In the data below, one line contains "ap-bic-comfort-2-verde-sens-c2-124060-124060" and a later one contains "Jean Paul Gaultier". Print both, with every line between them, exactly and alone.

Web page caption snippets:
* * *
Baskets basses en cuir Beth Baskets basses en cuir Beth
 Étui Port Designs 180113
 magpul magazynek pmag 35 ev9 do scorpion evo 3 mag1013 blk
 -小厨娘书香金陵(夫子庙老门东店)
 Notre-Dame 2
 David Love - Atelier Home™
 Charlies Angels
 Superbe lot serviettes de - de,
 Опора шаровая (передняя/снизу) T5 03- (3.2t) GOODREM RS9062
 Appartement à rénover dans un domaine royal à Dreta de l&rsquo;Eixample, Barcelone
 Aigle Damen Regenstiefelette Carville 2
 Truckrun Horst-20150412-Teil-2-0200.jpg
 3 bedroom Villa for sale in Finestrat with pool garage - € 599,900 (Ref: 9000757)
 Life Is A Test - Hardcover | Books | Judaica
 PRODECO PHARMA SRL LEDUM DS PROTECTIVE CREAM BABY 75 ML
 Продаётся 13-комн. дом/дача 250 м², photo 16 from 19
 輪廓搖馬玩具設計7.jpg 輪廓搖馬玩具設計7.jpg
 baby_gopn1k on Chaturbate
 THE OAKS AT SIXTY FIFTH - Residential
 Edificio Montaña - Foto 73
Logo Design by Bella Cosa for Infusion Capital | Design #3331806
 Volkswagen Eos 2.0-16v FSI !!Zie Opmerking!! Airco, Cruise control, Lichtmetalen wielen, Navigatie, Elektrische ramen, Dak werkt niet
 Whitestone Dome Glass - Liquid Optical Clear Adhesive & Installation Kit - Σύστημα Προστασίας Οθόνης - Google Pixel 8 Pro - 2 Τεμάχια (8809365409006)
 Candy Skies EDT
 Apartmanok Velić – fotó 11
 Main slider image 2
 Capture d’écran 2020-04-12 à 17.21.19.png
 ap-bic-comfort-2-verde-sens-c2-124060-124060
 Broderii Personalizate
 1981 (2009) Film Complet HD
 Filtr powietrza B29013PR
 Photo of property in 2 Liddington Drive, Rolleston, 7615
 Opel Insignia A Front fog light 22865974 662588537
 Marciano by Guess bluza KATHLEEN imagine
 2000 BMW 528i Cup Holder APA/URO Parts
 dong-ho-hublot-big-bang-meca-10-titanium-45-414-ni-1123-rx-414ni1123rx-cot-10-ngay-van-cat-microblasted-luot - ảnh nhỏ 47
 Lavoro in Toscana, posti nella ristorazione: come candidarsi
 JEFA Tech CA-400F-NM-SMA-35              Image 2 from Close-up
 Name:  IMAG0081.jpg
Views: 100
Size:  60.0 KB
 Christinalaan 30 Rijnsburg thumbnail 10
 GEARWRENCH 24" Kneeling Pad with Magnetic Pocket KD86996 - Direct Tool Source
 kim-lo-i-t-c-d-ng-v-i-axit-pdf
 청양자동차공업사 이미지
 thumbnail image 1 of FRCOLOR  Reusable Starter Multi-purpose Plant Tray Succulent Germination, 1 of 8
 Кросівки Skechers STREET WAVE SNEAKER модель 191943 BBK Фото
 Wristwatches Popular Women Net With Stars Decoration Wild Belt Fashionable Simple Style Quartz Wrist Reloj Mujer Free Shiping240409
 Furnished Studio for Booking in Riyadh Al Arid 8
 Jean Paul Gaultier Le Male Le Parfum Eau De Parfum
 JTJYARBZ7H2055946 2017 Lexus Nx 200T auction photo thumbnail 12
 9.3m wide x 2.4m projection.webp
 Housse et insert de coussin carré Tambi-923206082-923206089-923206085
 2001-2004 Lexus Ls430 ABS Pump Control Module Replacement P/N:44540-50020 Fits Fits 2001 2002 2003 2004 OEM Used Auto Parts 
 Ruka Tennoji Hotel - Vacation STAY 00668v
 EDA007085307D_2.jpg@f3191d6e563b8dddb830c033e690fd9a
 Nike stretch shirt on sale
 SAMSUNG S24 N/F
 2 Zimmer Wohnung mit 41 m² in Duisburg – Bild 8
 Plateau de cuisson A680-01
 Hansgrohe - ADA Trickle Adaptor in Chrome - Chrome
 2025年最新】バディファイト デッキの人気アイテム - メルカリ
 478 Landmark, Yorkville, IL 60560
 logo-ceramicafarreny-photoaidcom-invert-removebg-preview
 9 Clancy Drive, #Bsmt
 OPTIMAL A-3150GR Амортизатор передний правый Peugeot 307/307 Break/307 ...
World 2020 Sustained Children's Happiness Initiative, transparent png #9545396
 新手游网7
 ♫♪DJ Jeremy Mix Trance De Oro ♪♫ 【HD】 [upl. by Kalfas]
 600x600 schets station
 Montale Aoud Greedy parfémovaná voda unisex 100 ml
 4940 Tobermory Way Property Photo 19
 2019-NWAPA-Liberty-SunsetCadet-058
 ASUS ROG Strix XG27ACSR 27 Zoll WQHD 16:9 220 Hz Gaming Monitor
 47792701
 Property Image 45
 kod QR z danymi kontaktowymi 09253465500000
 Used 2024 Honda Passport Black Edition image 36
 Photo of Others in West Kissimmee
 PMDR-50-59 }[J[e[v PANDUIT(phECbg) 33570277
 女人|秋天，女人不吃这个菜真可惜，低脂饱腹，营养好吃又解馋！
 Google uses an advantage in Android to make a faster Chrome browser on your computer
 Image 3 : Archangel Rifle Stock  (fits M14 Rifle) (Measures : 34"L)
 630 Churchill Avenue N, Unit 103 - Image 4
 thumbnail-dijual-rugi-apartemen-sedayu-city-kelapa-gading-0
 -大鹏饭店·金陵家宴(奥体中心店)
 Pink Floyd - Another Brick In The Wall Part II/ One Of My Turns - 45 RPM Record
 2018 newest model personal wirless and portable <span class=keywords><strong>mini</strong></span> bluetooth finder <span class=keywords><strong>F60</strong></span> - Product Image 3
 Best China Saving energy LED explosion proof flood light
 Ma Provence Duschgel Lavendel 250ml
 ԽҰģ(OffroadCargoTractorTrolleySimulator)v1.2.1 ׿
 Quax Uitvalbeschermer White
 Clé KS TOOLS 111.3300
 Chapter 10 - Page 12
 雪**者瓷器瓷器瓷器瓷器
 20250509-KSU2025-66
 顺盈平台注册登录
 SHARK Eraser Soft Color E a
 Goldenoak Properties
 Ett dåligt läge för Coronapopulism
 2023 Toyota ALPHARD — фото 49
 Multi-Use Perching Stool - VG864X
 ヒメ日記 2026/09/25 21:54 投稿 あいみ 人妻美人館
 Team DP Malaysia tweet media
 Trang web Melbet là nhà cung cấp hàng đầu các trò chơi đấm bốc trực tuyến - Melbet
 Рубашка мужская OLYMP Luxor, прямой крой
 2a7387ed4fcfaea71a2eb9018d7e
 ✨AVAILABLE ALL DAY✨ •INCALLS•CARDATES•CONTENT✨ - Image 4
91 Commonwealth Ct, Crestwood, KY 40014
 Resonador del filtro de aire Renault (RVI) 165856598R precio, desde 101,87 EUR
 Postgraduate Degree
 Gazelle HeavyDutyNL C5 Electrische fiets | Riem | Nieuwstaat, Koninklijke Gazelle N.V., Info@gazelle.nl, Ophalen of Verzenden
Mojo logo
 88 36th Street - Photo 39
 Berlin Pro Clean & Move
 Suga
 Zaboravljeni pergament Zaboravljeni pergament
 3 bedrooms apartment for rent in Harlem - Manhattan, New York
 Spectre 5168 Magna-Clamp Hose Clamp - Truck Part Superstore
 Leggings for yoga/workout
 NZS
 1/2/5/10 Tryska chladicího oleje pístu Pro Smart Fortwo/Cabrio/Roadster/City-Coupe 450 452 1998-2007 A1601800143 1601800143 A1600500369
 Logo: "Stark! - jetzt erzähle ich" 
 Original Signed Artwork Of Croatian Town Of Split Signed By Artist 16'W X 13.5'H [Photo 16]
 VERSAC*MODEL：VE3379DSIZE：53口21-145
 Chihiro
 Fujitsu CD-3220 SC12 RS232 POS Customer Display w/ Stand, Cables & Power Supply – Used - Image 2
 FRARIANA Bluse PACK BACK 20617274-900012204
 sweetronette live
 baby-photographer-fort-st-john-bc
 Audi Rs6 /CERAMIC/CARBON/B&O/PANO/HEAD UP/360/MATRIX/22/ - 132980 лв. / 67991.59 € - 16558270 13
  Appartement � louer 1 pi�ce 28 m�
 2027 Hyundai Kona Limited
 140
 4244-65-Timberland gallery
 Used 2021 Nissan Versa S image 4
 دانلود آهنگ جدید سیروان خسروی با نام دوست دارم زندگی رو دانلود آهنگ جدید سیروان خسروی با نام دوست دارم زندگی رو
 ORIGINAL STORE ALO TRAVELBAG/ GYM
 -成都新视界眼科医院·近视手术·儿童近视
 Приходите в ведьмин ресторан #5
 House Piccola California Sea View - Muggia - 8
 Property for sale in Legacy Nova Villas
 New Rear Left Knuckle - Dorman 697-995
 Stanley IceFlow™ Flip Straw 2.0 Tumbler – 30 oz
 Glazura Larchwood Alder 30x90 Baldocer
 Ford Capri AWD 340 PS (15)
* * *
WRITTEN SOLUTION:
 ap-bic-comfort-2-verde-sens-c2-124060-124060
 Broderii Personalizate
 1981 (2009) Film Complet HD
 Filtr powietrza B29013PR
 Photo of property in 2 Liddington Drive, Rolleston, 7615
 Opel Insignia A Front fog light 22865974 662588537
 Marciano by Guess bluza KATHLEEN imagine
 2000 BMW 528i Cup Holder APA/URO Parts
 dong-ho-hublot-big-bang-meca-10-titanium-45-414-ni-1123-rx-414ni1123rx-cot-10-ngay-van-cat-microblasted-luot - ảnh nhỏ 47
 Lavoro in Toscana, posti nella ristorazione: come candidarsi
 JEFA Tech CA-400F-NM-SMA-35              Image 2 from Close-up
 Name:  IMAG0081.jpg
Views: 100
Size:  60.0 KB
 Christinalaan 30 Rijnsburg thumbnail 10
 GEARWRENCH 24" Kneeling Pad with Magnetic Pocket KD86996 - Direct Tool Source
 kim-lo-i-t-c-d-ng-v-i-axit-pdf
 청양자동차공업사 이미지
 thumbnail image 1 of FRCOLOR  Reusable Starter Multi-purpose Plant Tray Succulent Germination, 1 of 8
 Кросівки Skechers STREET WAVE SNEAKER модель 191943 BBK Фото
 Wristwatches Popular Women Net With Stars Decoration Wild Belt Fashionable Simple Style Quartz Wrist Reloj Mujer Free Shiping240409
 Furnished Studio for Booking in Riyadh Al Arid 8
 Jean Paul Gaultier Le Male Le Parfum Eau De Parfum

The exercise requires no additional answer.